2) SUPERMARKET BRIDAL MAGAZINES ARE HELPFUL, BUT NOT NECESSARY. These are actually all borrowed from my best friend, Kate, who planned her wedding and executed it brilliantly last summer. They’re filled with gorgeous dresses (many of which are 2k+), helpful timeline charts, weightloss plans, etc. Good news is – you can do like this nifty diy lady and turn the pages of the magazine into decorations.
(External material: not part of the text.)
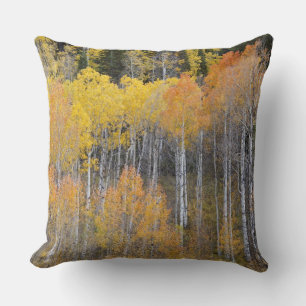 Coussin Lambert Hollow, trembles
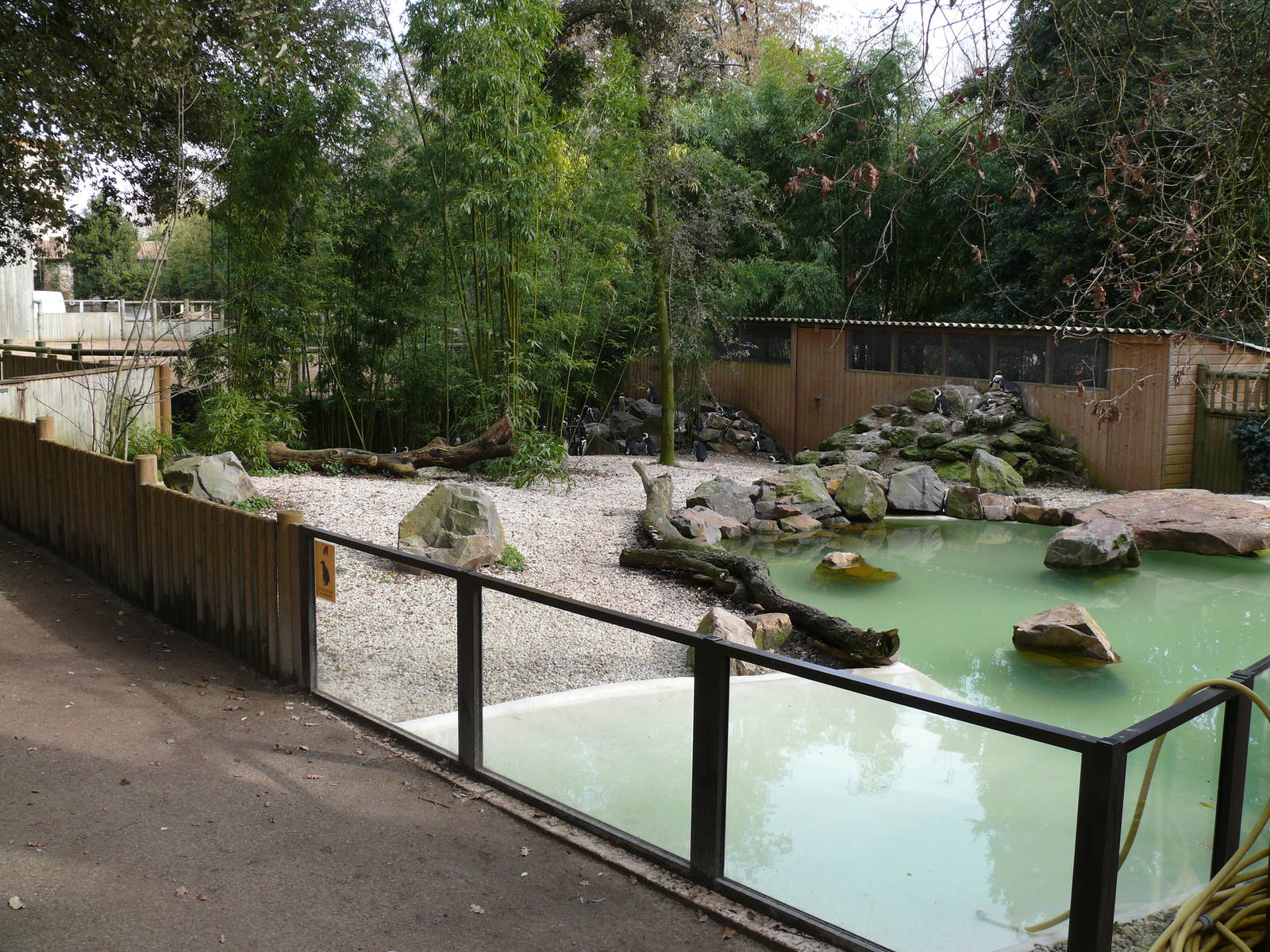 Jackas penguins exhibit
3) ORANGE JUICE! ORANGE JUICE! ORANGE JUICE! – Poof, a big bottle of O.J. appears in front of you… oh sorry – I must be channeling Beetlejuice. Sue Me. Back to the point, drinking orange juice is not only good for you – it’s tasty and can help keep you from getting sick. All hail Vitamin C! I think I go through a gallon at least once a week, I may be going a bit overboard… but it’s so delicious! Smoothies and vitamins are also good for you! Start taking care of your body (if you haven’t been doing that already) when you first get engaged. Waiting till the last minute to loose a few inches or grow your hair out, will inevitably bite you in the rear.
4) HAVE A HARD COPY! There are several “Wedding Organizer” books being sold in your local bookstores. Sometimes, you don’t have the internet to consult during your wedding planning adventure. You may write in it, because it’s yours. It’s full of charts, tables for organization, wedding statistics, advice, and wedding FAQs. It’s pretty nifty. My step-mum gave this to me as an engagement present. I have yet to finish the entire book from cover to cover, but I’m jumping around from section to section.
5) CALCULATORS MAKE MATH EASIER! You don’t have to be a math wiz to budget out your wedding, just have a calculator handy. They’re not expensive, they even come on your phones now-a-days. Your budget is your friend and having an idea of exactly how much you’ve spent already will really help you plan for what is to come.
6) BUY A WHITE BOARD OR CHALKBOARD, YOU’LL THANK ME LATER! It’s not in a book or pile of papers, because it’s up on your wall right in your face. You can put your ‘Days till Wedding” count down on it, list what all stuff you have left to accomplish, weekly goals, ideas, and more on these nifty boards. Not to mention, if you’re doing your own Save-The-Date pictures, you can use them as props.
7) KEEP ALL YOUR IDEAS/BUDGETS/WEDDING STUFF IN A NOTEBOOK! That’s my “Wonderful Wedding Planning Compendium” Basically, what it is is a nice notebook that I write all my wedding planning ideas in. It’s got the story of how we got engaged (his side of the story and mine), wedding registry places, wedding sites that I signed up for on the web (and their passwords), budgets, and addresses for friends and family. My goal is to use this book at the reception and have it out so people can write advice to us, well-wishes, etc. It’s not fancy, but it’ll be nice to have everything in one place. Now, in case you end up losing your book – make sure to have a digital copy of it as well. It just makes life easier and sometimes things happen out of your control.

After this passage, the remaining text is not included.